Problem details: Every line below from the one with "So I don't know" through the one with "We recommend starting" should be retyped exactly, both ends included; no other lines and no pictures.

Information given:
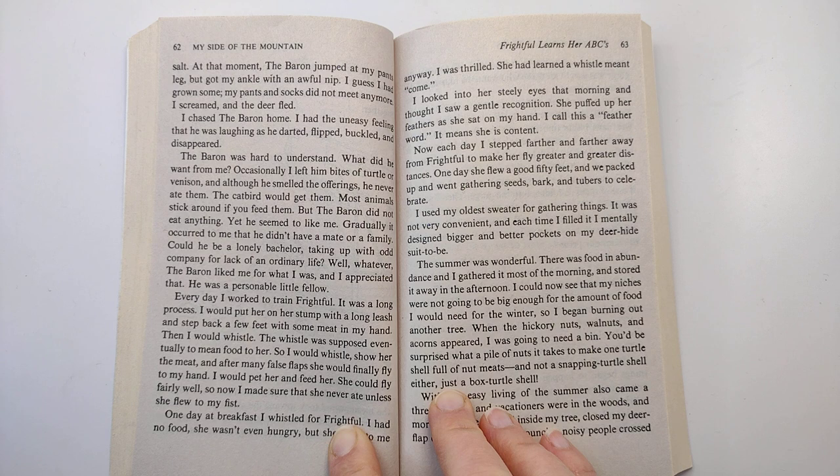I chased the baron home. I had the uneasy feeling that he was laughing as he darted, flipped, buckled, and disappeared. The baron was hard to understand. What did he want from me? Occasionally, I left him bites of turtle or venison, and although he smelled the offerings, he never ate them. The catbird would get them. Most animals stick around if you feed them. But the baron did not eat anything, yet he seemed to like me.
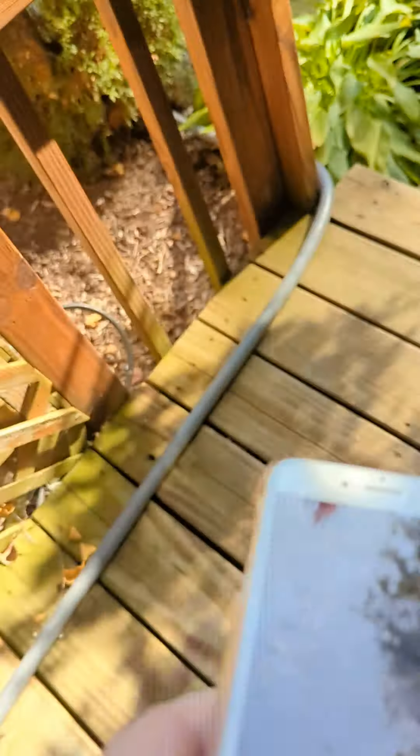Hey guys, so today we're going to be smashing — well, a tiny bit of smashing. I'm just going to drop it with a clear plastic case. Let's see if it cracks or if this is durable. So let's start.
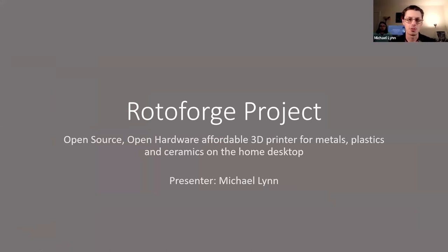So I don't know how many of you are familiar with the Roto-Forge project — probably not too many. What we're doing with the Roto-Forge project is building an open source, open hardware, affordable 3D printer for metals, plastics, and ceramics on the home desktop, at least aspirationally. At the moment, we're mostly focused on printing metals and plastics using a method called friction extrusion, which essentially uses very fast rubbing action against the surface of a wire or plastic filament to produce the heat required to make the material flowable.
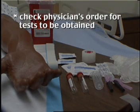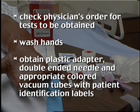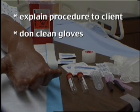Check physician's order for tests to be obtained. Wash hands. Obtain plastic adapter, double-ended needle, and appropriate colored vacuum tubes with patient identification labels. Explain procedure to client. Don clean gloves.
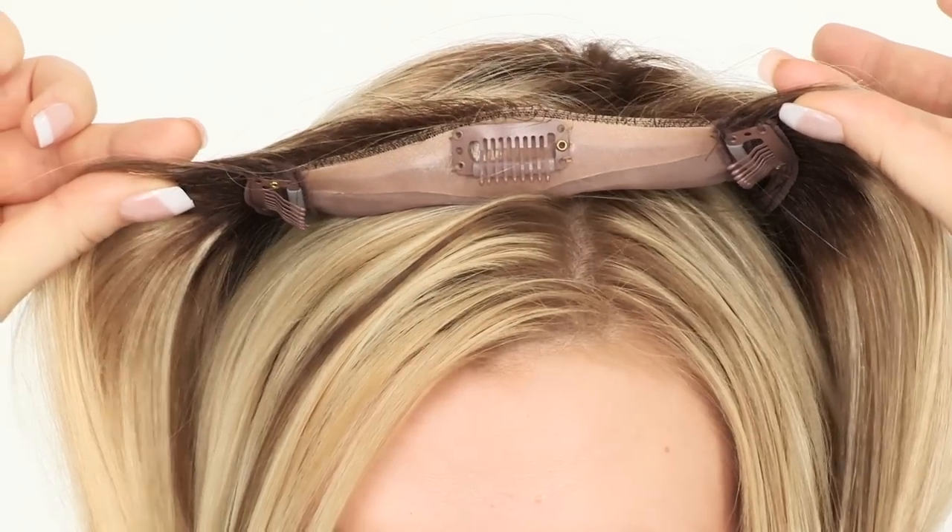We recommend starting with the two front clips, then clipping the back. Finally, just use your fingers to blend it in with your own hair.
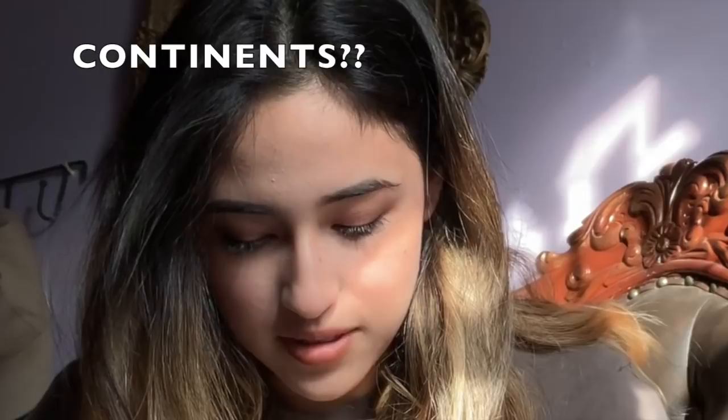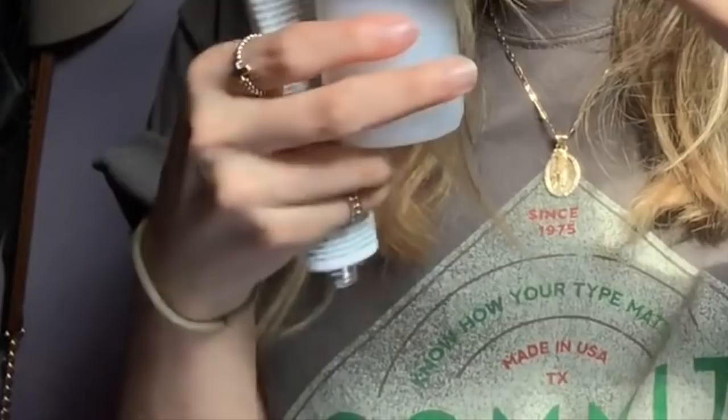Okay, so it says in the instructions: unscrew the application tip of the developer lotion, which is this. Then pierce the color cream tube with the reverse of the cap and carefully squeeze the entire contents into the developer lotion. So I'm going to use it and put it in here.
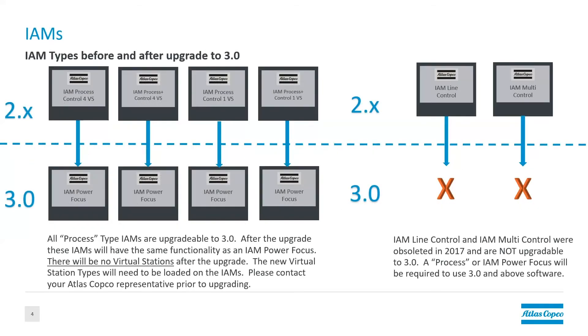And gradient — in the 3.x software, gradient is included in the process virtual station type, so there is no separate license for gradient. Other things to consider: certain IAMs are not upgradable to the 3.0 or 3.x software. We have the IAM line control, IAM multi-control, and any IAM critical controls are not upgradable to the 3.0 software. If you have one of those types of IAMs, they have been obsoleted — please contact your Atlas Copco representative. Other IAMs — all of the process control-based IAMs are upgradable to the 3.x software. We have about 20 different types of those, but basically if it has process or process plus in the name, it is upgradable.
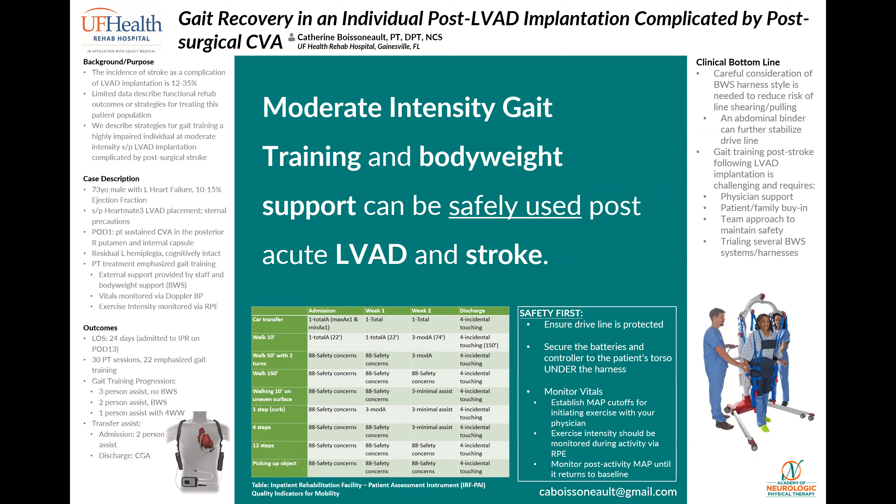One final point to highlight is that the LVAD pump provides continuous blood flow, meaning there won't necessarily be a discernible heartbeat or typical blood pressure to monitor during activity. Exercise intensity and tolerance must therefore be monitored by Doppler-guided mean arterial pressure or MAP, rate of perceived exertion RPE scales, and pump parameter changes seen on the controller.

Worked solution:
So I don't know how many of you are familiar with the Roto-Forge project — probably not too many. What we're doing with the Roto-Forge project is building an open source, open hardware, affordable 3D printer for metals, plastics, and ceramics on the home desktop, at least aspirationally. At the moment, we're mostly focused on printing metals and plastics using a method called friction extrusion, which essentially uses very fast rubbing action against the surface of a wire or plastic filament to produce the heat required to make the material flowable.
Check physician's order for tests to be obtained. Wash hands. Obtain plastic adapter, double-ended needle, and appropriate colored vacuum tubes with patient identification labels. Explain procedure to client. Don clean gloves.
We recommend starting with the two front clips, then clipping the back. Finally, just use your fingers to blend it in with your own hair.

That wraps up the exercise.